__Given entries__.
☆ ☆ ☆
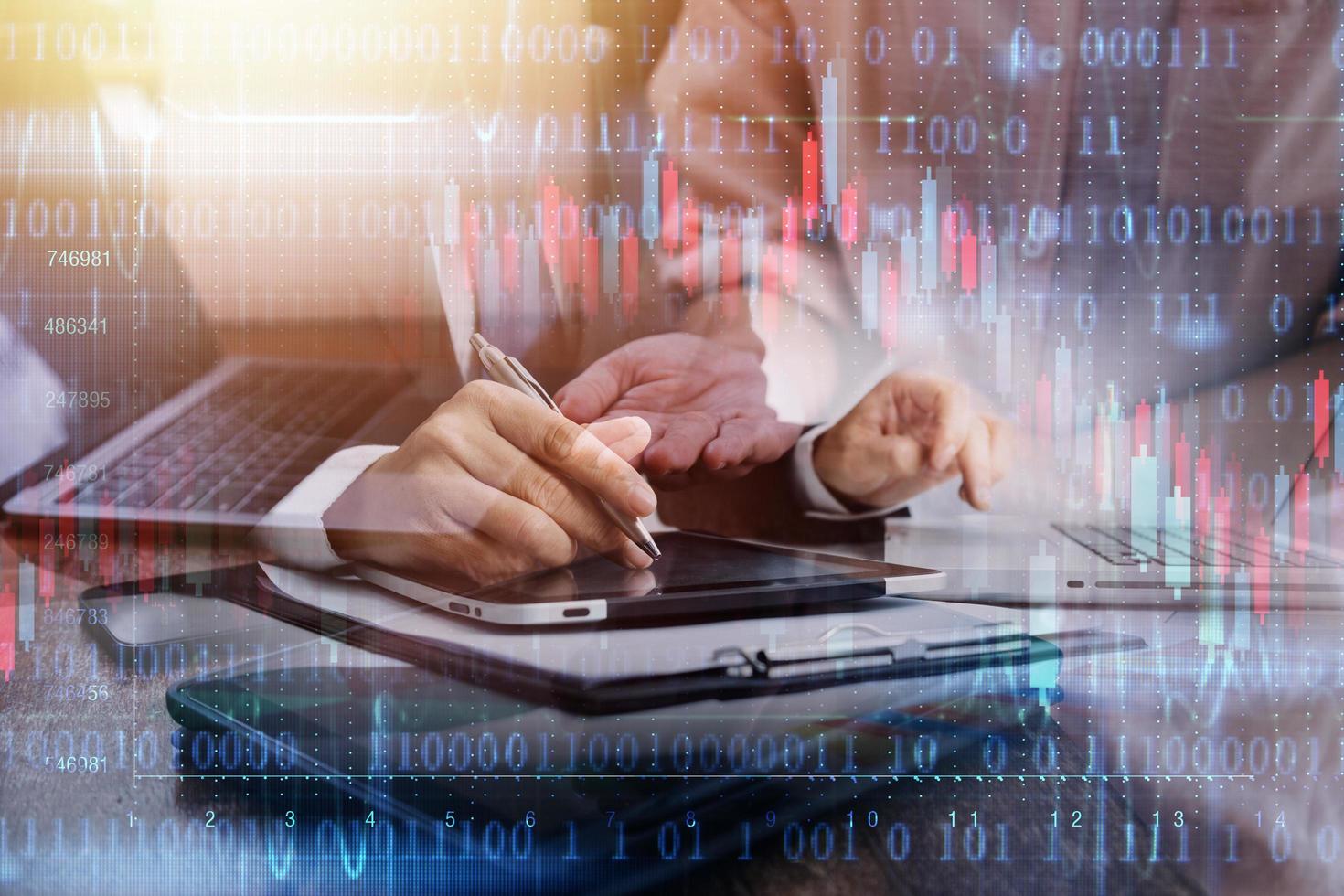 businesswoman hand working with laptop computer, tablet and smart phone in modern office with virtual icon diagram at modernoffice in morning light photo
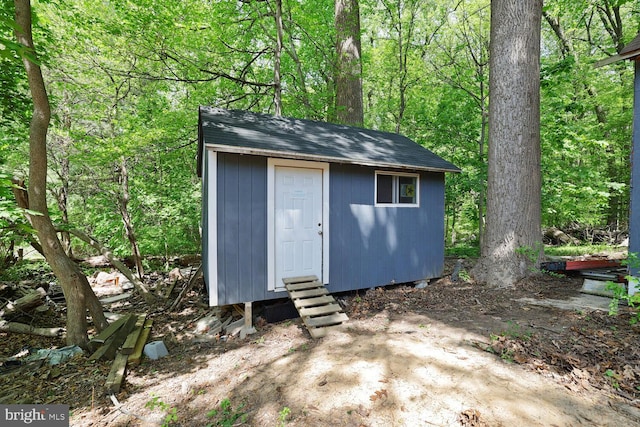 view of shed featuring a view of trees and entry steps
☆ ☆ ☆
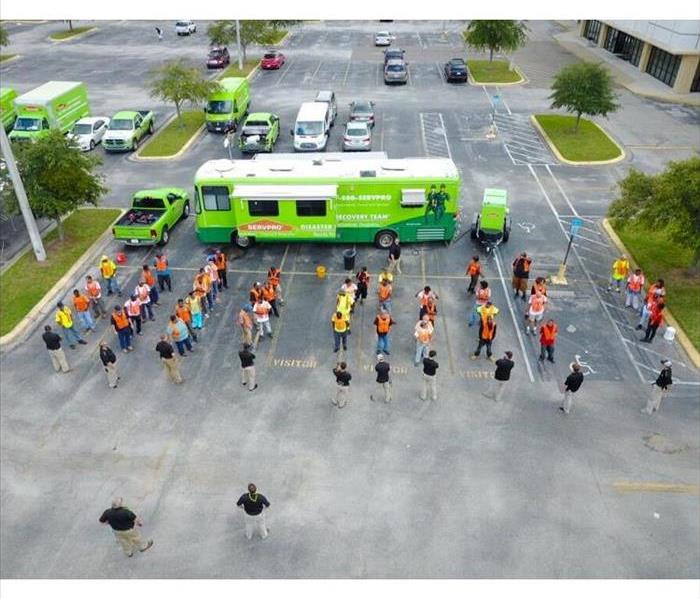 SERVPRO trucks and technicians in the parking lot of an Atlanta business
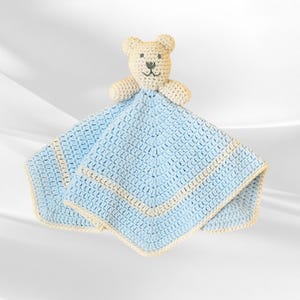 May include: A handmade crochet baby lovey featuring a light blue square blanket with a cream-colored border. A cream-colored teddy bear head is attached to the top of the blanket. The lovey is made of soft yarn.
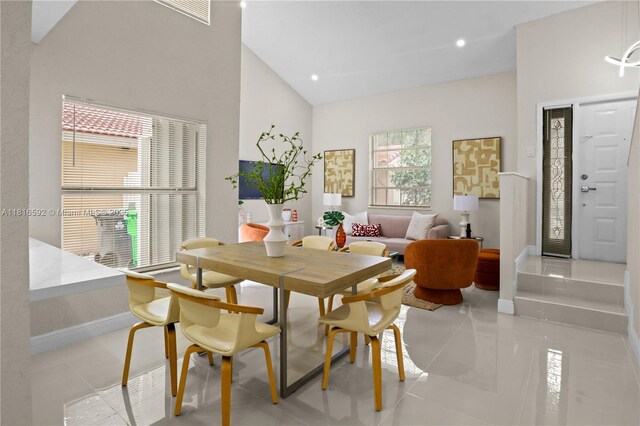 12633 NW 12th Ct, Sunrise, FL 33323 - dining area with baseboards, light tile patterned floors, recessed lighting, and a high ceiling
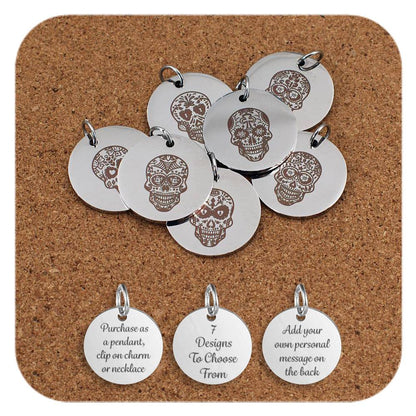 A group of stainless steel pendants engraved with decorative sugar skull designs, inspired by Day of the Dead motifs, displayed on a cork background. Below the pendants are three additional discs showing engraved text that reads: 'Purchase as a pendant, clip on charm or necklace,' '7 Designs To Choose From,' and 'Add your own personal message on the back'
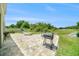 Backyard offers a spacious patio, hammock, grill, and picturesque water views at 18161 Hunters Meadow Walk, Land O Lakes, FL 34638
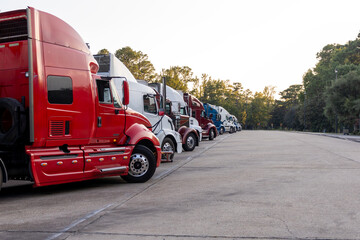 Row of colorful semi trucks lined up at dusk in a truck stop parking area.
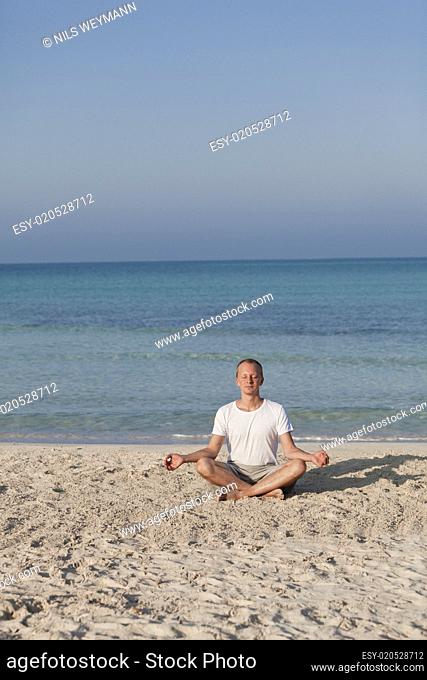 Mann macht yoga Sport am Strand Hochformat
☆ ☆ ☆
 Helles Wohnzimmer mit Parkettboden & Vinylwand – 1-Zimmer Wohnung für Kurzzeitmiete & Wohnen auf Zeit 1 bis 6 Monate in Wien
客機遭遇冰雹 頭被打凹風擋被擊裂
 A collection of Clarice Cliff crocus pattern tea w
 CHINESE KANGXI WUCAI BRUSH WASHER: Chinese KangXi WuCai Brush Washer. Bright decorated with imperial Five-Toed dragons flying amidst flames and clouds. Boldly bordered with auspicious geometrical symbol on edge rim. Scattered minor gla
☆ ☆ ☆
__Instructions to follow__. Copy the entries above exactly, but only from the line holding "Helles Wohnzimmer mit" through the line holding "CHINESE KANGXI WUCAI BRUSH WASHER: Chinese", both included.

__Reply__.
 Helles Wohnzimmer mit Parkettboden & Vinylwand – 1-Zimmer Wohnung für Kurzzeitmiete & Wohnen auf Zeit 1 bis 6 Monate in Wien
客機遭遇冰雹 頭被打凹風擋被擊裂
 A collection of Clarice Cliff crocus pattern tea w
 CHINESE KANGXI WUCAI BRUSH WASHER: Chinese KangXi WuCai Brush Washer. Bright decorated with imperial Five-Toed dragons flying amidst flames and clouds. Boldly bordered with auspicious geometrical symbol on edge rim. Scattered minor gla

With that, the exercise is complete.